たとえば、「CMS」(content management system、コンテンツ管理システム)と呼ばれるものを導入することなどが挙げられますね。HTML(Webプログラミング言語のひとつ)を知らない方がWebサイトを更新するために必要なもので、ブログ記事のようなものをどんどん更新していくためには、こういった仕組みが必要です。
他には、最近おこなったものだと、伝統工芸品を販売する「ECサイト」を構築しました。以前はスマホアプリ開発も並行して行っていたんですが、現在は少ないです。
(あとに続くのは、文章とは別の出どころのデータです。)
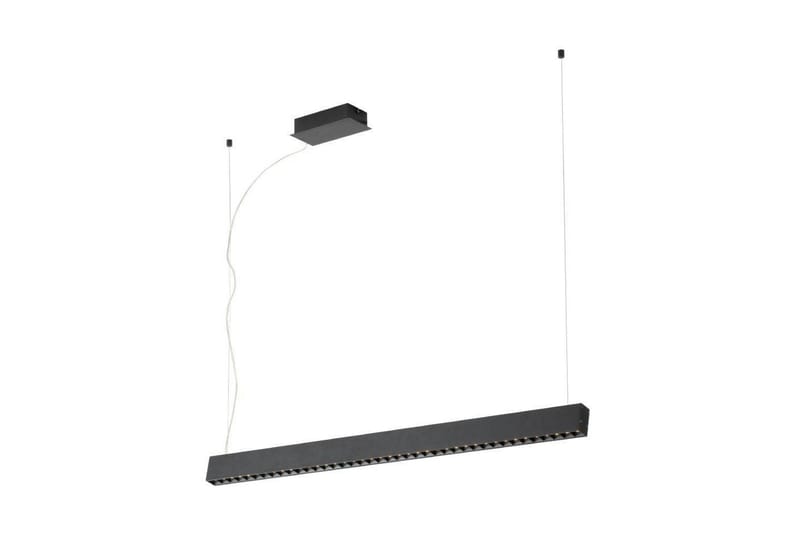 Loftpendel Eglo Termini Sort, undefined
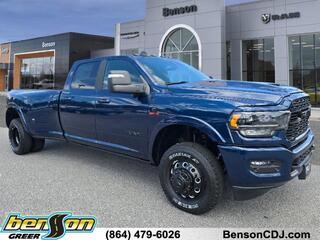 2024 Ram 3500 for sale in Greer SC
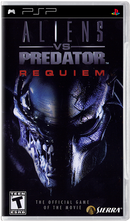 Aliens vs Predator: Requiem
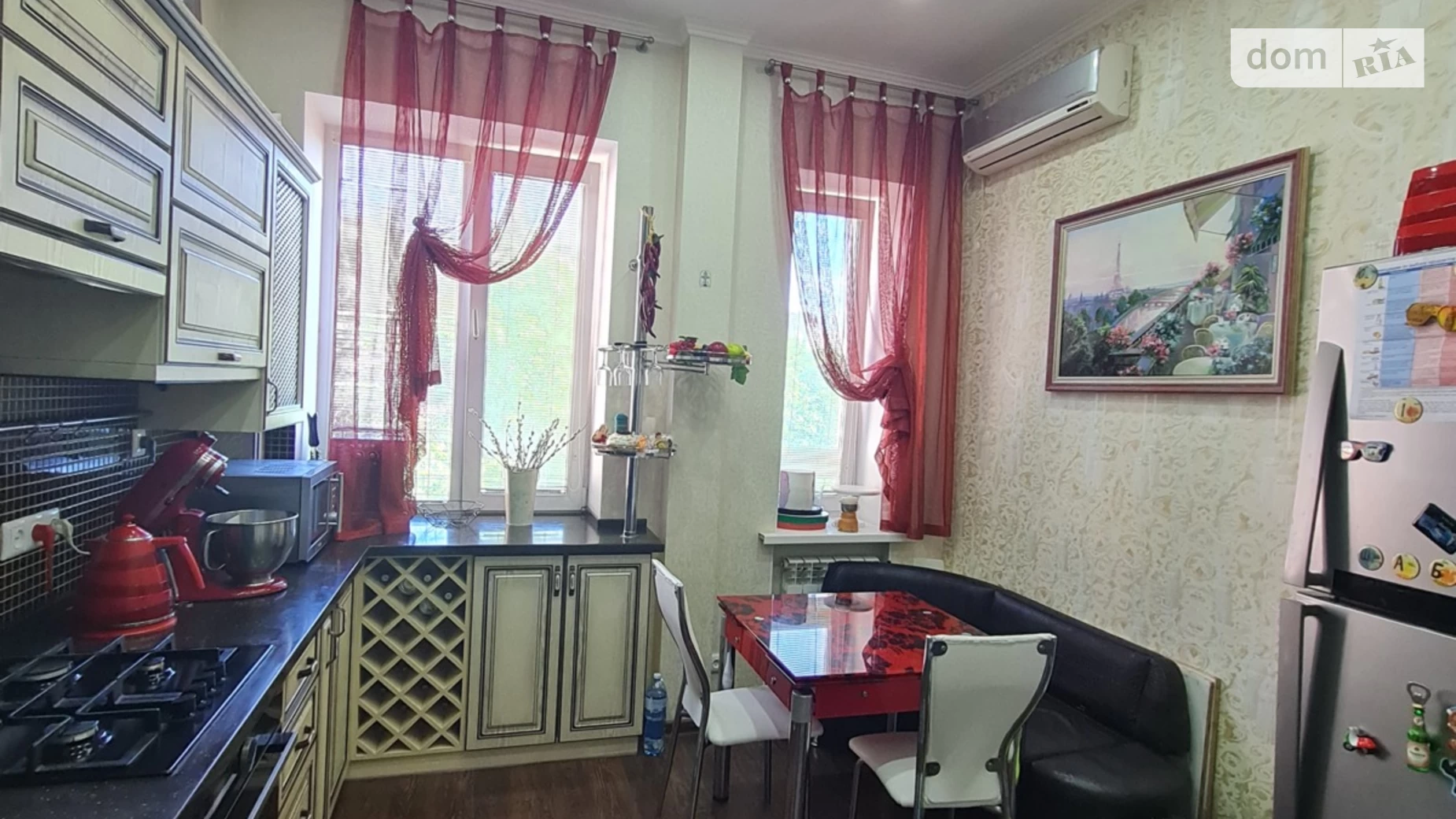 Продается 4-комнатная квартира 118.5 кв. м в Николаеве - фото 4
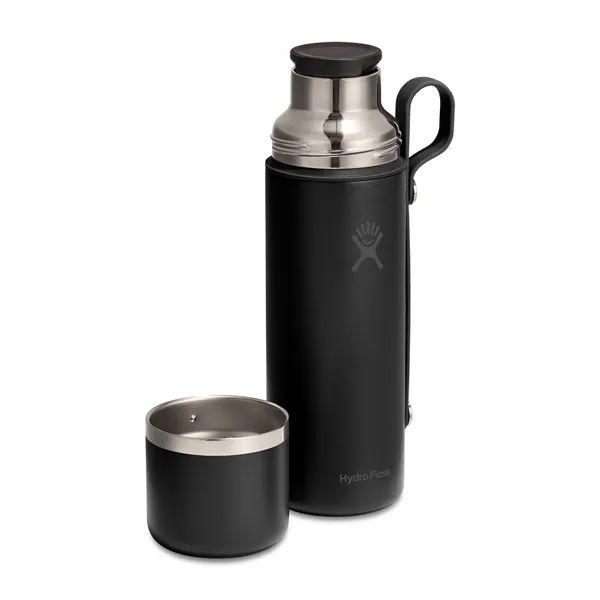 Hydro Flask® Hot Flask and Cup 28 Oz.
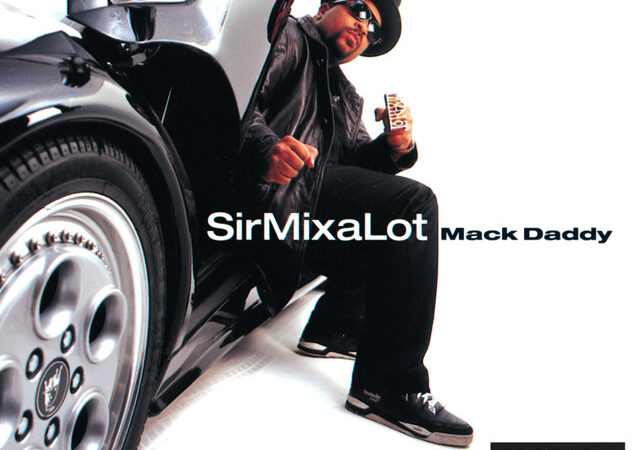 Sir Mix-a-Lot’s „Baby Got Back“: Ein Klassiker der Hip-Hop-Geschichte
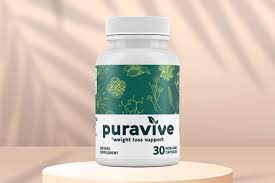Puravive: The Breakthrough in Holistic Wellness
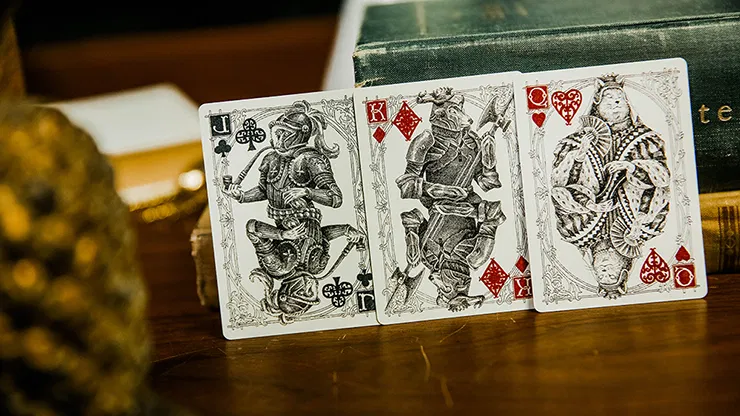 Kinghood Playing Cards - image 5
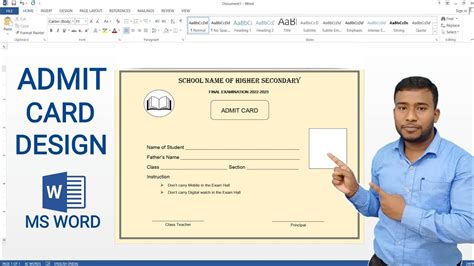 Toradh íomhá ar Computer Course Result Card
というのも、私の会社は人数が少ないですから、全員が全員バラバラにシゴトをするよりも、Web開発一本に集中しようと考えていまして。
—依頼を受けてWeb開発や管理をするということでした。ケースによっては、とても複雑で難しい案件が出てくると思うのですが、そういう場合はどうされているのですか?
たとえば、Webサイトの仕様に関するご要望はやはり多いですね。サイト管理用の画面に関してその使い方をご説明させていただくことに関していえば、やっぱり実際に「話をする」以外に方法はありませんから。
Web制作に関していうと、もし「この仕様はイメージと違う」という風になれば、それはもう作り直しになります。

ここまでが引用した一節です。